Oh heck were do I start
A 23 year old man dating a 16 year old school girl from a broken family who didnt get on with either of her parents ( he assumed correctly I would be easily to manipulate)
Sulking for days and weeks and one time a month after we started dating cos I mentioned my daughters father's name, yes I was 16 having her and her dad had already vamoosed after a one night stand :( but I wasnt allowed mention his name or tell my child about her real dad
Refusing to allow my daughter call him anything but daddy,
Telling me during sex one night that he fancied my sister (under legal age)
Never washing himself or his clothes, or brushing his teeth
Accusing me of having affairs constantly, until it was easier to look at the ground if a man spoke to me
Refusing to acknowledge my pregnancy until the morning I had a threatened miscarriage ( I knew it was over then, our sham of a marriage)

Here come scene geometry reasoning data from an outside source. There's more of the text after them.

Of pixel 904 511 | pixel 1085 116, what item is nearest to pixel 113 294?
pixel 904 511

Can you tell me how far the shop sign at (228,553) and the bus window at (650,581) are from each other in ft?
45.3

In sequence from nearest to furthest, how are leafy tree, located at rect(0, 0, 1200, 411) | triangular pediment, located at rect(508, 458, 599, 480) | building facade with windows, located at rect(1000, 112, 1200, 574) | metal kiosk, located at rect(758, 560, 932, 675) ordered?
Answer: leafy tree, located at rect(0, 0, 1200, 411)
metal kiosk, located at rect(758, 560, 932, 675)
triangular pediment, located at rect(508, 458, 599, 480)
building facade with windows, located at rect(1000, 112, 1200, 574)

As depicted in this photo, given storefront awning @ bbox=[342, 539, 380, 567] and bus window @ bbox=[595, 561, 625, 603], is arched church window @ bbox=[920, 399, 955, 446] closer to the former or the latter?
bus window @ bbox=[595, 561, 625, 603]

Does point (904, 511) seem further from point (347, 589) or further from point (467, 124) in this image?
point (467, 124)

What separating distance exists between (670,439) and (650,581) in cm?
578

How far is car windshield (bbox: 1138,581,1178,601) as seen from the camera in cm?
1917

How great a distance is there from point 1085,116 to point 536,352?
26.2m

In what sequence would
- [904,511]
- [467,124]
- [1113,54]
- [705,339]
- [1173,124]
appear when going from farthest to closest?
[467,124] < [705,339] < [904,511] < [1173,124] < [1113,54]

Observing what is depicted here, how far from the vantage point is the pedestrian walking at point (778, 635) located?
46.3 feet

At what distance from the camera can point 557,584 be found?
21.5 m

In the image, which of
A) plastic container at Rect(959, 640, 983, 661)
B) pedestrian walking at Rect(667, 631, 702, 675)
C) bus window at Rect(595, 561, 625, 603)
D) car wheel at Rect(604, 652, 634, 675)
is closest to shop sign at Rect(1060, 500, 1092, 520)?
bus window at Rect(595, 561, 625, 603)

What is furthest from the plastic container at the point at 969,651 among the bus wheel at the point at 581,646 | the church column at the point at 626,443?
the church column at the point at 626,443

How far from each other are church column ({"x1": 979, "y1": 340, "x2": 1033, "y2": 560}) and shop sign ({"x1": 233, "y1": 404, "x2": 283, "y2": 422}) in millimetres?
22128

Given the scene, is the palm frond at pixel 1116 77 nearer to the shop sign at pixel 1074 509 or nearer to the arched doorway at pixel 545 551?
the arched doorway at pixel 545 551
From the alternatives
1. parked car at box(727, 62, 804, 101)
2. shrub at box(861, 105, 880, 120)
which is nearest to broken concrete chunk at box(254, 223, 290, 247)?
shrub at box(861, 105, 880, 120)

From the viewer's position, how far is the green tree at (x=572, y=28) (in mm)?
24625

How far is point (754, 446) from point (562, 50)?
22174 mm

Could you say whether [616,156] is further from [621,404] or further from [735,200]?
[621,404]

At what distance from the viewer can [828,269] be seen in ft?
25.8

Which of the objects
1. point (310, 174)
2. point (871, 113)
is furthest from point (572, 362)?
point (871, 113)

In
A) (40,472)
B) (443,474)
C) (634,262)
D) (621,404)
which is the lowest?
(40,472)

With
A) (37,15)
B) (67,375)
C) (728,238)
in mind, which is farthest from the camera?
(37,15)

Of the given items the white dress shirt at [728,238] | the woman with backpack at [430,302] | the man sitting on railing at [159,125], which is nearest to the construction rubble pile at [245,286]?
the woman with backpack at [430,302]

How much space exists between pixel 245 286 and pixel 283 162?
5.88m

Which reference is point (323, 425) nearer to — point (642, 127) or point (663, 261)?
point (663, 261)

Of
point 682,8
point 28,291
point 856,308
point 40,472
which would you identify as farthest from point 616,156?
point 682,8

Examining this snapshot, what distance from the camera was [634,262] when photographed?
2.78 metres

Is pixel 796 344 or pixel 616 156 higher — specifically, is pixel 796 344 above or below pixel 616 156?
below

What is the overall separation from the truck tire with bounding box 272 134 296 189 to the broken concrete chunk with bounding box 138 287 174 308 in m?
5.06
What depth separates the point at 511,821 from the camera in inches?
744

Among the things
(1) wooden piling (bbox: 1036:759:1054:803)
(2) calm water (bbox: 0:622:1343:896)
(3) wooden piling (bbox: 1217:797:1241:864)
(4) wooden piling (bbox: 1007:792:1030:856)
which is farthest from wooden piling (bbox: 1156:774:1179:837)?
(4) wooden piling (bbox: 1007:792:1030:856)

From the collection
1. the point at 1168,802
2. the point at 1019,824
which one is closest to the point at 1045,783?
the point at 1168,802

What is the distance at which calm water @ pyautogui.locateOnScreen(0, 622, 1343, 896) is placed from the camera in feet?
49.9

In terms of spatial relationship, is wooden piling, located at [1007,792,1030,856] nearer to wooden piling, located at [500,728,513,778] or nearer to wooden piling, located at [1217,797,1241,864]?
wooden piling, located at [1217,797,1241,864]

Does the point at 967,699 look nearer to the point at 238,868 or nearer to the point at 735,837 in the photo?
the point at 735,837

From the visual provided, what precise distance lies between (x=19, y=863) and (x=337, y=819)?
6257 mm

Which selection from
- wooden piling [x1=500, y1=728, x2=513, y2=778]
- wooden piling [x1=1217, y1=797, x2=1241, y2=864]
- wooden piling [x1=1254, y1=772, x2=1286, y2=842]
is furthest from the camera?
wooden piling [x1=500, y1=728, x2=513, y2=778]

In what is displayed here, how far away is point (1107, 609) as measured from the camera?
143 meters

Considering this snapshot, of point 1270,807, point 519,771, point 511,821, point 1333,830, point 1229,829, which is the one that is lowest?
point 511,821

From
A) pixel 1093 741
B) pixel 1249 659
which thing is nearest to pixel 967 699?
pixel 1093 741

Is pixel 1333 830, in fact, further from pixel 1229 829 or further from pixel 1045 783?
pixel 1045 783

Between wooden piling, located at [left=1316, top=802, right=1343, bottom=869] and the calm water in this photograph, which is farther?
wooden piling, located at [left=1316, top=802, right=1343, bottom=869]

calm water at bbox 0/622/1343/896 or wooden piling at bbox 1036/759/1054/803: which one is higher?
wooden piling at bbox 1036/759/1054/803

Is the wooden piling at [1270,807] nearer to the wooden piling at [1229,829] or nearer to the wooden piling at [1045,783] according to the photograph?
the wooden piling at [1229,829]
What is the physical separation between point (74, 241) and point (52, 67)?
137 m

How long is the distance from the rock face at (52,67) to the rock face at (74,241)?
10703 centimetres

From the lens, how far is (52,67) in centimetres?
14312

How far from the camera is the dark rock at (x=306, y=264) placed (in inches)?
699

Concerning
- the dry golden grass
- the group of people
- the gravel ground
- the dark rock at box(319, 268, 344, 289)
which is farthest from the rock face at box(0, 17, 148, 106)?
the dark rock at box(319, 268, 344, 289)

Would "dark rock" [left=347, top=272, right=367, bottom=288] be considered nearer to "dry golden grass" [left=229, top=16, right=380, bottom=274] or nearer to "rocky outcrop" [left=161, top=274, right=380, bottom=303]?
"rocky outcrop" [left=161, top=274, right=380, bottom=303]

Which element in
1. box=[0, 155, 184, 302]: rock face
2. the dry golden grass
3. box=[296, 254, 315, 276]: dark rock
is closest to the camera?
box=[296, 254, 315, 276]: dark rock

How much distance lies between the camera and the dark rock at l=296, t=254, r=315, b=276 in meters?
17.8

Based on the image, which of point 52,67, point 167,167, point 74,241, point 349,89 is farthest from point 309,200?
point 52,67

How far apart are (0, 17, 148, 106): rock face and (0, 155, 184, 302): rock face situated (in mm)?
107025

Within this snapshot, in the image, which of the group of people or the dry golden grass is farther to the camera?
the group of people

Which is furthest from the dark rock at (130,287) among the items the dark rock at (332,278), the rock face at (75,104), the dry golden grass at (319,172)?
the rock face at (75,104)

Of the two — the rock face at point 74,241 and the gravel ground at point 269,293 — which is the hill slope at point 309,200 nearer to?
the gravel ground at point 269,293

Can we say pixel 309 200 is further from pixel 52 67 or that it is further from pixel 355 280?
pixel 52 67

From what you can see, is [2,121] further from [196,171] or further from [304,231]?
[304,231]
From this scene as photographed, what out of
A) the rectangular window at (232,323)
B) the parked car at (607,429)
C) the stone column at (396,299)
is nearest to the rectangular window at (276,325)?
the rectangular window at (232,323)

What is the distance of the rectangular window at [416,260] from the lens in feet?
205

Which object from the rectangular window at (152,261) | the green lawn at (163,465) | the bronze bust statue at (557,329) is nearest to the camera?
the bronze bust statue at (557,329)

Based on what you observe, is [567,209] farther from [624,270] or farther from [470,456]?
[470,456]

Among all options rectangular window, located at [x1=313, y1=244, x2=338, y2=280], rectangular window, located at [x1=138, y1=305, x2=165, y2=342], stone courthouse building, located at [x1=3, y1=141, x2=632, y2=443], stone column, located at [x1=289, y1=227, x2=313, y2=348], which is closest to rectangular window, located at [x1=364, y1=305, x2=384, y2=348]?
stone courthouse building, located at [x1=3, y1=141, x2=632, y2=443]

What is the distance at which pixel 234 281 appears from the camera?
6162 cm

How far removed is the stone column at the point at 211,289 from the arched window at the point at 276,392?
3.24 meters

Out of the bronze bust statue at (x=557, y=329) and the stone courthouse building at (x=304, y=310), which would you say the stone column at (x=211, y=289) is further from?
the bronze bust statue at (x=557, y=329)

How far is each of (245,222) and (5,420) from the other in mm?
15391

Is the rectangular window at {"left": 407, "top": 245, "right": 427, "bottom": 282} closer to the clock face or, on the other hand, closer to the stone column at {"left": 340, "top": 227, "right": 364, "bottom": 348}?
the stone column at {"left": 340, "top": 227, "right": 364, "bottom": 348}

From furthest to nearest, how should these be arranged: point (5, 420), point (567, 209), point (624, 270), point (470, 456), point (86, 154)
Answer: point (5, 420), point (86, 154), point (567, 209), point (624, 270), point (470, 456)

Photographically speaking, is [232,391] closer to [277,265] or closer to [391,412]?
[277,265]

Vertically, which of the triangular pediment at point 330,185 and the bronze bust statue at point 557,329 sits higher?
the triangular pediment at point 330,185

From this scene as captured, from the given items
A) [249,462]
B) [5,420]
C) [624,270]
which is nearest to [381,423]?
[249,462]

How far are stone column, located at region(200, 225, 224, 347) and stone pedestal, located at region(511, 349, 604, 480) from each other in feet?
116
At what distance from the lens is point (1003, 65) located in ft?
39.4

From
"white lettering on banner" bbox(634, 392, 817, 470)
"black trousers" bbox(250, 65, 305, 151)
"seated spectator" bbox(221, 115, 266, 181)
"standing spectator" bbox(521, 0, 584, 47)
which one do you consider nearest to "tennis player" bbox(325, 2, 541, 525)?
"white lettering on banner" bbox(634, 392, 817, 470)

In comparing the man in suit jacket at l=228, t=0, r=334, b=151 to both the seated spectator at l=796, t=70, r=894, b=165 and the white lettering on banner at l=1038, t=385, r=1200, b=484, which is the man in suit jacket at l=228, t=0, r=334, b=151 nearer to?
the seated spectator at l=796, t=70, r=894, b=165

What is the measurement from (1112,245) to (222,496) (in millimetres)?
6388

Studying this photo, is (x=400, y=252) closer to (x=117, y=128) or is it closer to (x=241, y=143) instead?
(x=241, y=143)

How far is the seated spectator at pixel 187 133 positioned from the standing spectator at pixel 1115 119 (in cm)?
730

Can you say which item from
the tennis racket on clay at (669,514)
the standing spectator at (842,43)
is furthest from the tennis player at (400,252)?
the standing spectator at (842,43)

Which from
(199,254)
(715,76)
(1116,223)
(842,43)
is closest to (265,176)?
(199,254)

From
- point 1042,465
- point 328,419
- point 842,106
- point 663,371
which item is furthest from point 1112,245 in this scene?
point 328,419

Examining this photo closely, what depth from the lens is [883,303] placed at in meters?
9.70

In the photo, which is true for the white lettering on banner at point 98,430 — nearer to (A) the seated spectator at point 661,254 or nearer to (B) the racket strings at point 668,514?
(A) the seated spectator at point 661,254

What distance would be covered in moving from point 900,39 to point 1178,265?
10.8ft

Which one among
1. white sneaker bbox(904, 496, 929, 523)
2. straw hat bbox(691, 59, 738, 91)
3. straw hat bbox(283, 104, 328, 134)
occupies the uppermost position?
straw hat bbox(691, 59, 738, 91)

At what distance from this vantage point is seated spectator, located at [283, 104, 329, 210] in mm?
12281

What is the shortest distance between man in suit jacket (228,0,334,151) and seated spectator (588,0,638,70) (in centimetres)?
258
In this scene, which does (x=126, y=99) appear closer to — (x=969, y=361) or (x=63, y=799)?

Allowing his family treat me like crap
Raping me twice, not violently, just wudnt take no for an answer..I was his possession so it was easier to let him shag me
Leaving fag ends in my car while all the time insisting he had given up smoking and they were a mates
Catching crabs ( dunno how, didnt care)
Being a silent bully, intimidating me and the kids
When I finally plucked up the courage to leave, only 4 years ago now, as I had no family suport or money, he told me he wud trade me the dogs for the kids, him keeping the kids
He has turned my kids against me to the point they will no longer speak to me,
He told the kids I used to drug them with calpol to keep them alseep all the time,
He tried to get me evicted from the house by going to the police and saying I had attacked him with a knife, no cuts, bruising, scars, no police involved, hospital visit, no witness, no flipping proof even lol but he was believed for a time
He went to my parents, my sisters, my friends and involved all of them in his lies and fantasies,
Telling me I was a whore like my mother
Telling me I was crazy like her
Locking me in a room with a family member while the family member (his side of the family)threatened to take my kids from me, cos I was packing to leave him....Guess who backed down
Many Many more things, I cant even think of,
I just wish I had had the courage to leav him that day when I almost lost my baby, I was always one to hide my head in the sand and pray it would be better, always tried to please him...
Its true about the frog and boiling water theory..Place a frog into boiling water it will jump out straight away, heat it up slowly and the frog never realises what is happening until its too late, and you even doubt yourself and your sanity then
I was 16 when I met this man, im now 42, I escaped at 38 paying for my freedom with the loss of my children, the only way to keep them was to stay and fight it out with divorce but that took another 3 years, after I left and the atmosphere in the house was such it wasnt healthy for them... The kids wanted to stay in their home, rightly so and since I decided to go or maybe one day I would take that knife he was so fond of mentioning and do myself harm, they stayed with him
He has since attacked one of my sons, threatened another cos he tried to keep in contact with me, and they still wont speak to me, my daughter thinks he is great cos he took her on, she doesnt know he tried to persuade me to dump her on my mother and let my mam adopt her...
On my wedding day a mutual friend asked us when we were going to tell my then 6 year old daughter that he wasnt her dad, he threw such a fit at my friend, she almost passed out at the shock, he forbade my daughter being told.
I went to court to try see the kids, late teens, and was told they couldnt be forced to see me, fair enough, then he went home and told them they didnt have to see me, when I tried to enforce the court order they refused to see me
Jesus I was such a silly cow, so stupid and am so angry at myself, even to this day.
I carry an enormous anger towards men, they only have to blink crooked and I go bald headed raging for them, even when they have done very little wrong..A red mist comes down and I totally lose control...
I have resigned myself to being single, am not brave enough to trust another man again..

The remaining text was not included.